Task brief
Some of the lines below need repeating. Reproduce exactly those between the lines holding "Stainless Steel Antiqued" and "Wandtapete - Dekorative", inclusive.

Input data
►
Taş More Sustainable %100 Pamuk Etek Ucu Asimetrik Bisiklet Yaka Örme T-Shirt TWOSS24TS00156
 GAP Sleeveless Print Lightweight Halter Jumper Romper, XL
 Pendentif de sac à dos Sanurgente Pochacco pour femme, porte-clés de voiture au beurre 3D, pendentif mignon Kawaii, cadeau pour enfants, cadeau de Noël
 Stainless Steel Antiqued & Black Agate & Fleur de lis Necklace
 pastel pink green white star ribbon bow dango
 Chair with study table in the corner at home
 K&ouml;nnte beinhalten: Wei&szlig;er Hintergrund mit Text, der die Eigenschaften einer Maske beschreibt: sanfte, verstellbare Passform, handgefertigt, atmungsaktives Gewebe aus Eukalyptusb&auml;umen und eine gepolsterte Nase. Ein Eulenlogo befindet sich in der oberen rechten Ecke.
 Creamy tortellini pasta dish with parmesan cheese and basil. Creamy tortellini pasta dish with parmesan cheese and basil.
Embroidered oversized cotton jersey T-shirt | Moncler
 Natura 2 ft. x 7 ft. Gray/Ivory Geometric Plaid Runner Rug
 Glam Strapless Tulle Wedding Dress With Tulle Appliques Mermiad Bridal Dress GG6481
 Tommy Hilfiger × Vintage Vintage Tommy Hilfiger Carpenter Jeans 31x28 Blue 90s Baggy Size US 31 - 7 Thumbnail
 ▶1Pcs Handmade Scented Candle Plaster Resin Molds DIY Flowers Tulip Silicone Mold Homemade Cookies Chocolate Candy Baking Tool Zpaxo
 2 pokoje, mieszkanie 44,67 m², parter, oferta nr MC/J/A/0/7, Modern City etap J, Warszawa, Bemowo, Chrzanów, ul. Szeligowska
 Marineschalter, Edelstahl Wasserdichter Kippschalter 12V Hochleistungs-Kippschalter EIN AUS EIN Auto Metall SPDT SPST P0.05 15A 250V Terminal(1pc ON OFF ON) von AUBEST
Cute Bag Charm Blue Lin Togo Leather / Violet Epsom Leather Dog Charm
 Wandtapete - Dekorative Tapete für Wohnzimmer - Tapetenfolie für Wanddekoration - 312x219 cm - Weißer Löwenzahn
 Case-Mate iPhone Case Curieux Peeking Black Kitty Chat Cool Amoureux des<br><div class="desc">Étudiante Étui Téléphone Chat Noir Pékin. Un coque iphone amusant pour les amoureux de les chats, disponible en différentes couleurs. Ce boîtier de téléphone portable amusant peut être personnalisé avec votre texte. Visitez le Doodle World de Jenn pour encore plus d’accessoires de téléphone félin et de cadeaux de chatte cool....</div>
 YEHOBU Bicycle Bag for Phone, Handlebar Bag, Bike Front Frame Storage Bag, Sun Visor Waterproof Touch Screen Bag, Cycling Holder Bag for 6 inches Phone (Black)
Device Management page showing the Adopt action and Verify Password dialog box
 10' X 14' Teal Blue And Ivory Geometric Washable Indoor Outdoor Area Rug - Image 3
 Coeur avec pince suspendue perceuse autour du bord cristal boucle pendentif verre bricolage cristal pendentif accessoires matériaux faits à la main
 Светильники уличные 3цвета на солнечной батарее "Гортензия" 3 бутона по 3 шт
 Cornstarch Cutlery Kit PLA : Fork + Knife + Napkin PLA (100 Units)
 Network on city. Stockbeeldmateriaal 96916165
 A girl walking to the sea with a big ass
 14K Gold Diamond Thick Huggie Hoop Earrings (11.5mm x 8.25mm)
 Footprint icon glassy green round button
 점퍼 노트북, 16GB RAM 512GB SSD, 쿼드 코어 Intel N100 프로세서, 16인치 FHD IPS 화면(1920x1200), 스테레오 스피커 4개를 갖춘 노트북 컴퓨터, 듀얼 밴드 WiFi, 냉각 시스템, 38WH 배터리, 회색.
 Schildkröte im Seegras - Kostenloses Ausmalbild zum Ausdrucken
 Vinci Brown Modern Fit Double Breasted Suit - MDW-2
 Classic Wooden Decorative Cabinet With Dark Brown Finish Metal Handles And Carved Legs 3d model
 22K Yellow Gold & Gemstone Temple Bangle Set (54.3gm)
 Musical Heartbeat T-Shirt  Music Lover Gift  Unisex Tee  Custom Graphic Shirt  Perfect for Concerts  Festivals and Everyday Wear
◄
Problem solution
 Stainless Steel Antiqued & Black Agate & Fleur de lis Necklace
 pastel pink green white star ribbon bow dango
 Chair with study table in the corner at home
 K&ouml;nnte beinhalten: Wei&szlig;er Hintergrund mit Text, der die Eigenschaften einer Maske beschreibt: sanfte, verstellbare Passform, handgefertigt, atmungsaktives Gewebe aus Eukalyptusb&auml;umen und eine gepolsterte Nase. Ein Eulenlogo befindet sich in der oberen rechten Ecke.
 Creamy tortellini pasta dish with parmesan cheese and basil. Creamy tortellini pasta dish with parmesan cheese and basil.
Embroidered oversized cotton jersey T-shirt | Moncler
 Natura 2 ft. x 7 ft. Gray/Ivory Geometric Plaid Runner Rug
 Glam Strapless Tulle Wedding Dress With Tulle Appliques Mermiad Bridal Dress GG6481
 Tommy Hilfiger × Vintage Vintage Tommy Hilfiger Carpenter Jeans 31x28 Blue 90s Baggy Size US 31 - 7 Thumbnail
 ▶1Pcs Handmade Scented Candle Plaster Resin Molds DIY Flowers Tulip Silicone Mold Homemade Cookies Chocolate Candy Baking Tool Zpaxo
 2 pokoje, mieszkanie 44,67 m², parter, oferta nr MC/J/A/0/7, Modern City etap J, Warszawa, Bemowo, Chrzanów, ul. Szeligowska
 Marineschalter, Edelstahl Wasserdichter Kippschalter 12V Hochleistungs-Kippschalter EIN AUS EIN Auto Metall SPDT SPST P0.05 15A 250V Terminal(1pc ON OFF ON) von AUBEST
Cute Bag Charm Blue Lin Togo Leather / Violet Epsom Leather Dog Charm
 Wandtapete - Dekorative Tapete für Wohnzimmer - Tapetenfolie für Wanddekoration - 312x219 cm - Weißer Löwenzahn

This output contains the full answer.